I saw the perinatalogist today and Joseph is growing well and a busy boy, thank goodness. He is weighing about 4lbs 6oz - amazing!!! I am so very grateful. I looked like a mess at the appointment because I am still miserable from this cold/sinus infection crud. The doctor told me some specific things to take for it and I have one dose in me and plan to go take a nap soon. My poor husband could not sleep last night, because all I could do was toss and turn. The night was not restful again so I took the day off to not expose anyone else to this dreadful cold.

It most likely has nothing to do with the flu shot, I probably already had a cold brewing inside my poor body but hopefully this will be the end of any illness until after Joseph is born (and for a long time after that - it would be tough to nurse him like this).

One last thought, there were not u/s pictures given to me, but he looked so beautiful! I got to see his long spine, growing head, itty bitty thighs :) Amazing!! His heart beating always brings me to adoration of God's handiwork! His heartbeat was 149 bpm and the most glorious sound in all the world. He is also head up (breech) which is the first time he has been seen in that positon. No wonder all the movements feel so different. His head is in my the top right of my belly which is where I thought it was lately, you can feel it so clearly!

Grow, baby, grow!! We love you so!

Saturday, October 16, 2010

Sick

I am sick.

Last night all of the sudden around 9 pm, I started to get a slight temp, sore throat, and sinus headache & pressure (head cold symptoms). I think the nurses and doctors lied to me when they said there were no side effects to that darn flu shot. I mean, how can that just come up all of the sudden. So far, I took a tylenol last night and one this morning but the slight temp returns and I don't want to take too much. It was not a good nights rest, but I did get a few hours that felt somewhat restful.
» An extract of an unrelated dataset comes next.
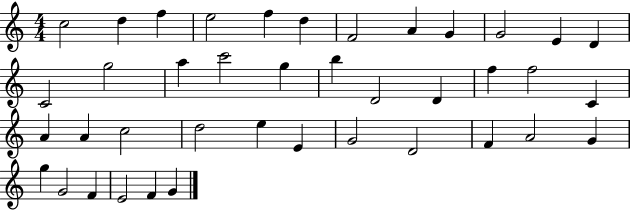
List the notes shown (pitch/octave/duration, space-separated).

I had made plans to go with a friend to a tea her church was hosting (St. Joseph Church - I felt a kinship just being there :)) entitled "The Power of Prayer & Chocolate" and I ventured out thinking that this little cold will run its course and was just some side effect of the vaccince shot. Yet, at the end, I felt like I was breaking a fever and immediatley came home. I stopped at McDonalds and got me supper because I just knew I could not cook. How sad is that? I now am planning to head to bed after this and have a cold rag on my head. My husband is out of town, so at least I can wallow in self-pity. The sore throat is barely there anymore, thank goodness, but I am wary of taking too much tylenol. I am trying to space it out and am only taking one at a time. What is awful is that this feels like a summer cold because it is still warm outside and not feeling like fall today.

I have so many thoughtful and inspiring thoughts from my day, but can barely think clearly.

I found out that getting side effects like the ones I have from the shot are somewhat common, so it should clear up quickly, but it makes you wonder if you feel miserable how is it affecting your precious baby?

Hope you all are feeling great and enjoying your weekend!!!

Thursday, October 14, 2010

Why Joseph has a holey mommy!

J and I have been joking lately that I am full of holes!!

Think about it, I have been getting PIO injections 2xweek for the last 28 weeks in my backside!

I have been poking myself 4xday for glucose monitoring for the last 6 weeks!

Lots of blood draws - too many to count! Progesterone draws every two weeks, regular draws for pregnancy, and all the GTT for GD!

And today, got a gloriously less painful flu shot in the arm. I think the nurse was suprised I did not wince in pain.

So lets add that up -

56 pio shots
168 finger pricks
1 flu shot
20 (minimum) draws for blood - progesterone and regular prenatal ones

Grand Total:
One HOLEY momma!!!
One Healthy baby boy!!!
One happy daddy!!!
= One very happy family!!!

In all honestly, I love being Joseph's mommy, holes and all!